Migrating from Gemini 2.5 Flash Live

When migrating from

gemini-2.5-flash-native-audio-preview-12-2025
to
gemini-3.1-flash-live-preview
:

  1. Model string — Update from
    gemini-2.5-flash-native-audio-preview-12-2025
    to
    gemini-3.1-flash-live-preview
    .
  2. Thinking configuration — Use
    thinkingLevel
    (
    minimal
    ,
    low
    ,
    medium
    ,
    high
    ) instead of
    thinkingBudget
    . Default is
    minimal
    for lowest latency.
  3. Server events — A single event can contain multiple content parts simultaneously (audio + transcript). Process all parts in each event.
  4. Client content
    send_client_content
    is only for seeding initial context history (set
    initial_history_in_client_content
    in
    history_config
    ). Use
    send_realtime_input
    for text during conversation.
  5. Turn coverage — Defaults to
    TURN_INCLUDES_AUDIO_ACTIVITY_AND_ALL_VIDEO
    instead of
    TURN_INCLUDES_ONLY_ACTIVITY
    . If sending constant video frames, consider sending only during audio activity to reduce costs.
  6. Async function calling — Not yet supported. Function calling is synchronous only.
  7. Proactive audio & affective dialogue — Not yet supported. Remove any configuration for these features.

Best Practices

  1. Use headphones when testing mic audio to prevent echo/self-interruption
  2. Enable context window compression for sessions longer than 15 minutes
  3. Implement session resumption to handle connection resets gracefully
  4. Use ephemeral tokens for client-side deployments — never expose API keys in browsers
  5. Use
    send_realtime_input
    for all real-time user input (audio, video, text). Reserve
    send_client_content
    only for seeding initial context history
  6. Send
    audioStreamEnd
    when the mic is paused to flush cached audio
  7. Clear audio playback queues on interruption signals
  8. Process all parts in each server event — events can contain multiple content parts

Documentation Lookup

When MCP is Installed (Preferred)

If the

search_documentation
tool (from the Google MCP server) is available, use it as your only documentation source:

  1. Call
    search_documentation
    with your query
  2. Read the returned documentation
  3. Trust MCP results as source of truth for API details — they are always up-to-date.

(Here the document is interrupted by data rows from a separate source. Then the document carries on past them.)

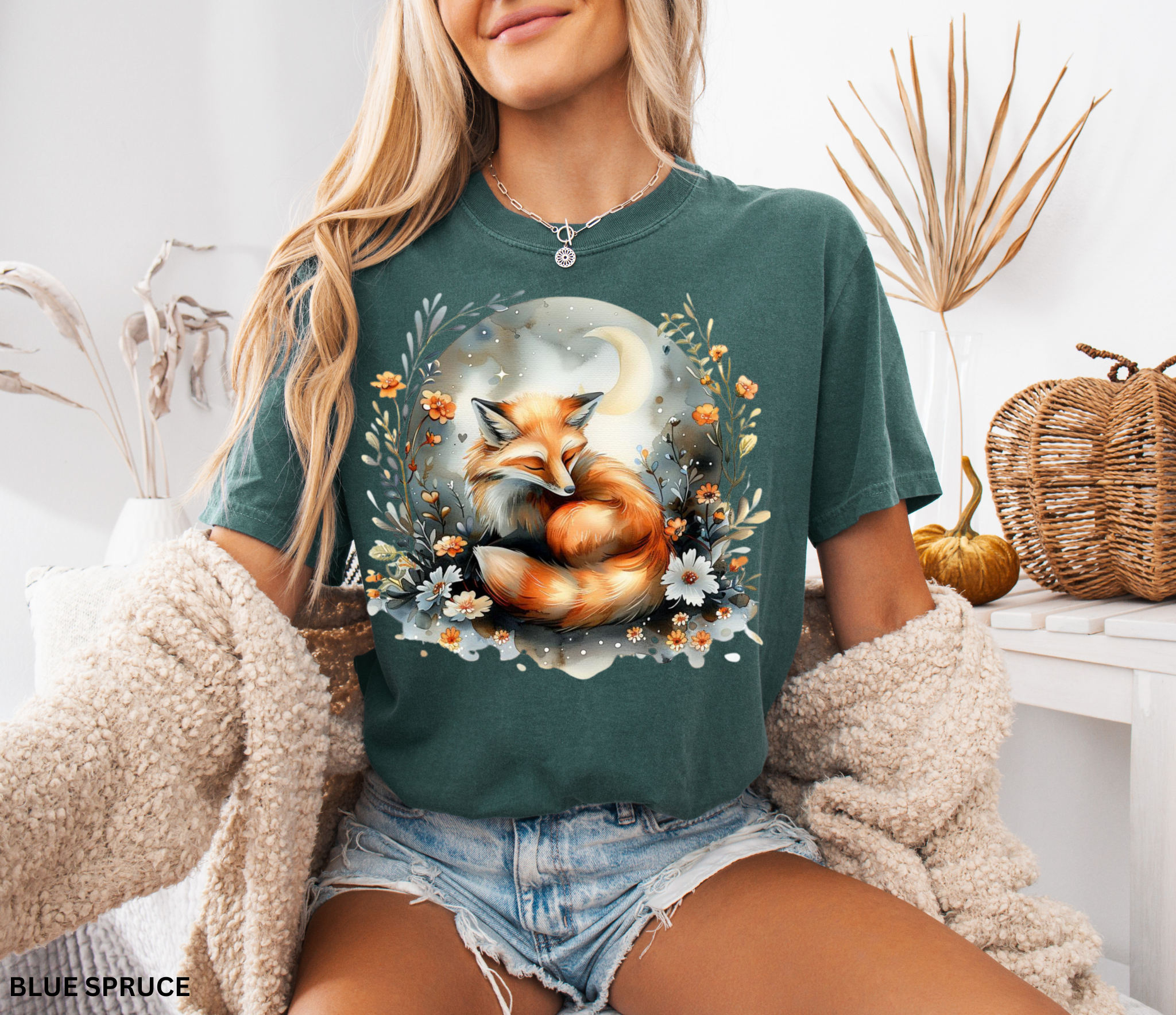 Sleeping fox surrounded by flowers and a crescent moon — cozy cottagecore forestcore design on soft Comfort Colors shirt.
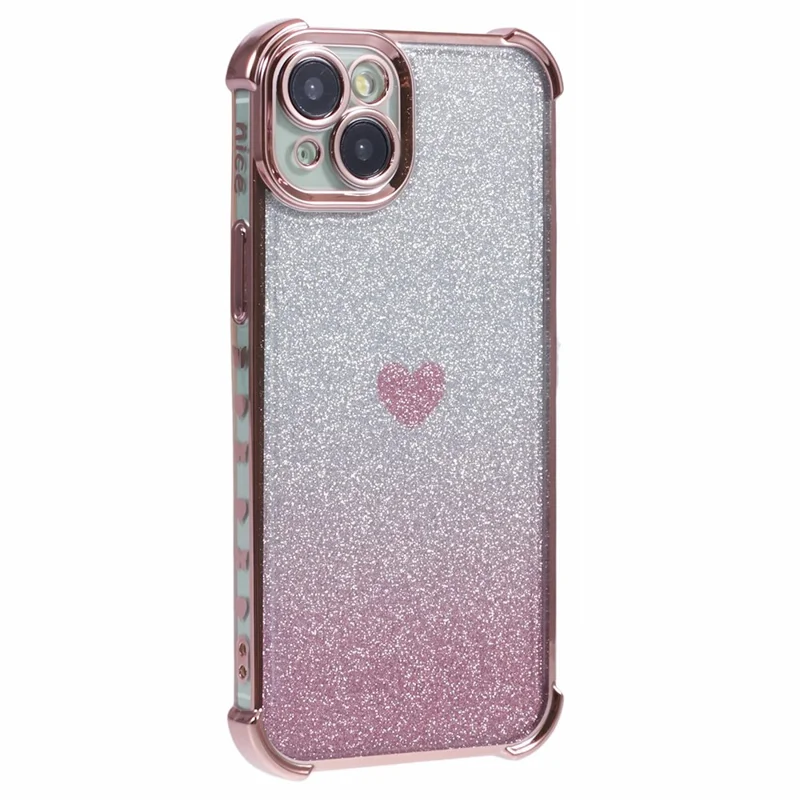 For iPhone 15 Plus Case Heart Pattern Glitter Anti-Drop TPU Phone Cover - Pink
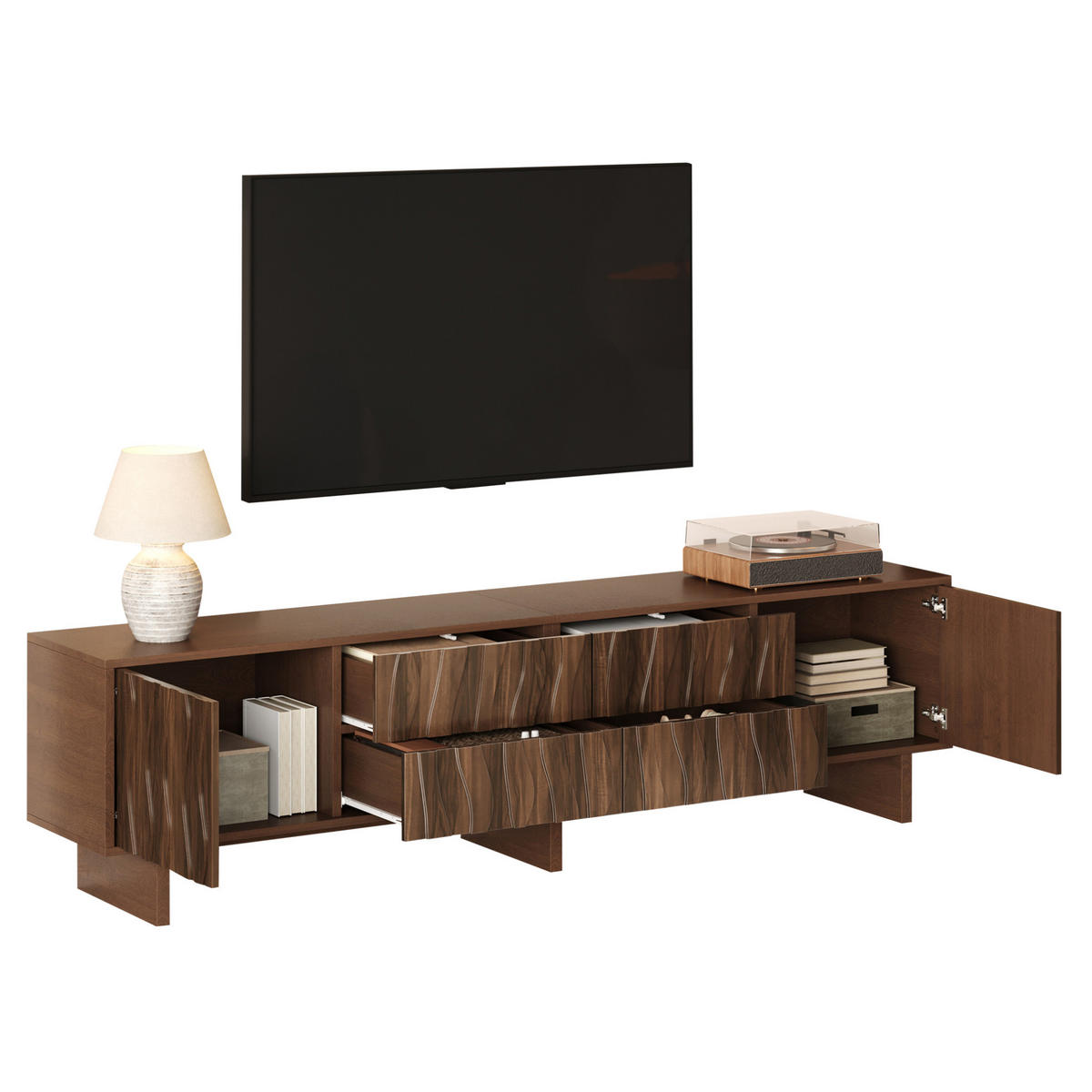 TV stolík 180/40/56 cm tmavý orech z drevotriesky s vlnitým dizajnom, 4 zásuvkami a 2 dvierkami - hnedá, kompozitné drevo (180/56/40cm) - OKWISH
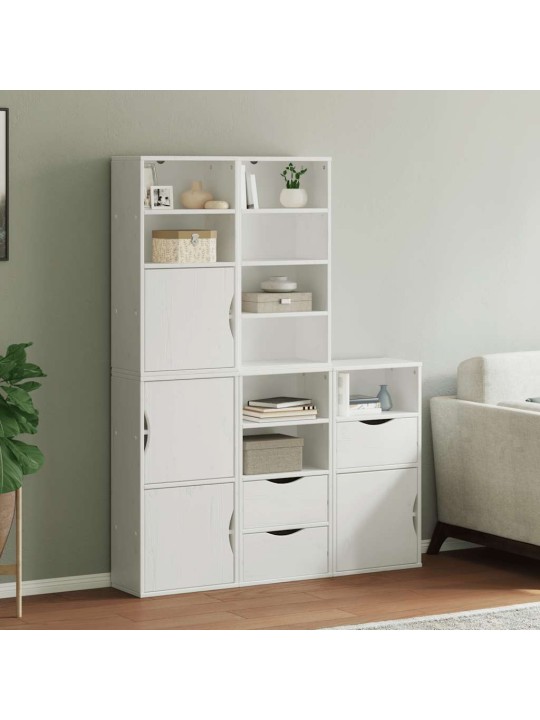 Sivukaapit 5 kpl odda, valkoinen, 40x24x79 cm massiivipuu mänty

[!IMPORTANT] When MCP tools are present, never fetch URLs manually. MCP provides up-to-date, indexed documentation that is more accurate and token-efficient than URL fetching.

When MCP is NOT Installed (Fallback Only)

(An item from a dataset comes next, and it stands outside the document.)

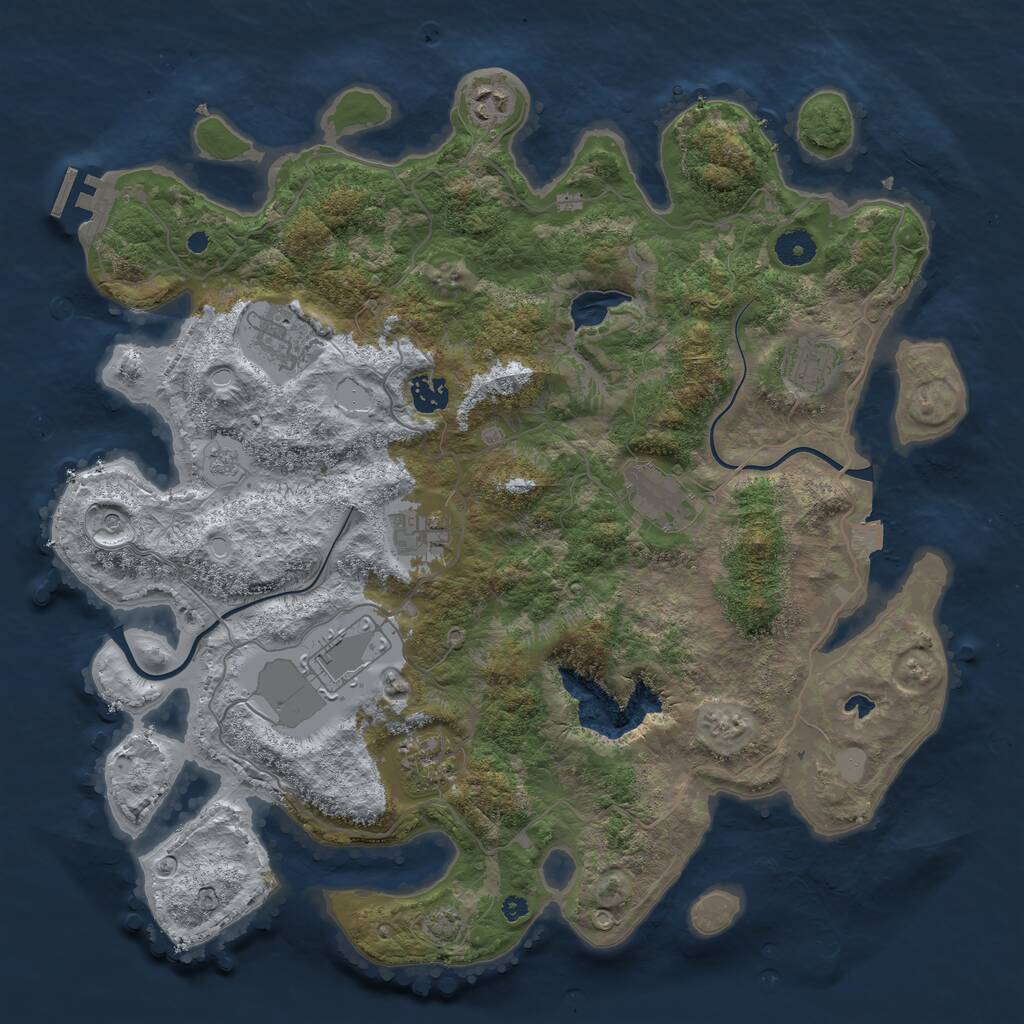 Rust Map: Procedural Map, Size: 4000, Seed: 4681357, 13 Monuments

If no MCP documentation tools are available, fetch from the official docs index:

llms.txt URL:

https://ai.google.dev/gemini-api/docs/llms.txt

This index contains links to all documentation pages in

.md.txt
format. Use web fetch tools to:

  1. Fetch
    llms.txt
    to discover available documentation pages
  2. Fetch specific pages (e.g.,
    https://ai.google.dev/gemini-api/docs/live-session.md.txt
    )

Key Documentation Pages

[!IMPORTANT] Those are not all the documentation pages. Use the

llms.txt
index to discover available documentation pages

Supported Languages

The Live API supports 70 languages including: English, Spanish, French, German, Italian, Portuguese, Chinese, Japanese, Korean, Hindi, Arabic, Russian, and many more. Native audio models automatically detect and switch languages.